- [DATA FOR THIS TASK]
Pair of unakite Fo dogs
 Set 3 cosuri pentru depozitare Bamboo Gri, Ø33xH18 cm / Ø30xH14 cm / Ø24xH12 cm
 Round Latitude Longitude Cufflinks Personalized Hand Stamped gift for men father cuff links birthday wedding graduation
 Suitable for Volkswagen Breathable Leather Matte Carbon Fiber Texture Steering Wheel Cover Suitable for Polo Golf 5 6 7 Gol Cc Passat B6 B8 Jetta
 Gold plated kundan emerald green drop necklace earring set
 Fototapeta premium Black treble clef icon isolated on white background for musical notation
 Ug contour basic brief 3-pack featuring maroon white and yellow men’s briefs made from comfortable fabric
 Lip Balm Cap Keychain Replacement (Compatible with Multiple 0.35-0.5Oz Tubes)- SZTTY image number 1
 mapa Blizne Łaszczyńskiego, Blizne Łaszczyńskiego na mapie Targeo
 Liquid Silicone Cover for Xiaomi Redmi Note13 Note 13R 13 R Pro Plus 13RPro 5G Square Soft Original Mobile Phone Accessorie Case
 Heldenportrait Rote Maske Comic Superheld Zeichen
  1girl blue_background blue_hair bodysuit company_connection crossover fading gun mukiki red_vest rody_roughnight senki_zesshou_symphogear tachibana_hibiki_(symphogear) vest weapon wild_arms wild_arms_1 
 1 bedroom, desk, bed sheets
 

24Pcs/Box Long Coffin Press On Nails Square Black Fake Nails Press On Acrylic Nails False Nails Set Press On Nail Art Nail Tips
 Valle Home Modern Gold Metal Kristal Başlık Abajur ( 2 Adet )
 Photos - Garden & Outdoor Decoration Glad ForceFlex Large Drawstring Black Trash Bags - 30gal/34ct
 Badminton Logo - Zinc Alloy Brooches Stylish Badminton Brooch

- [WHAT YOU SHOULD DO]
Copy out the lines above exactly, beginning at the one that contains "Heldenportrait Rote Maske" and ending at the one that contains "1girl blue_background blue_hair".

- [EXERCISE RESULT]
 Heldenportrait Rote Maske Comic Superheld Zeichen
  1girl blue_background blue_hair bodysuit company_connection crossover fading gun mukiki red_vest rody_roughnight senki_zesshou_symphogear tachibana_hibiki_(symphogear) vest weapon wild_arms wild_arms_1 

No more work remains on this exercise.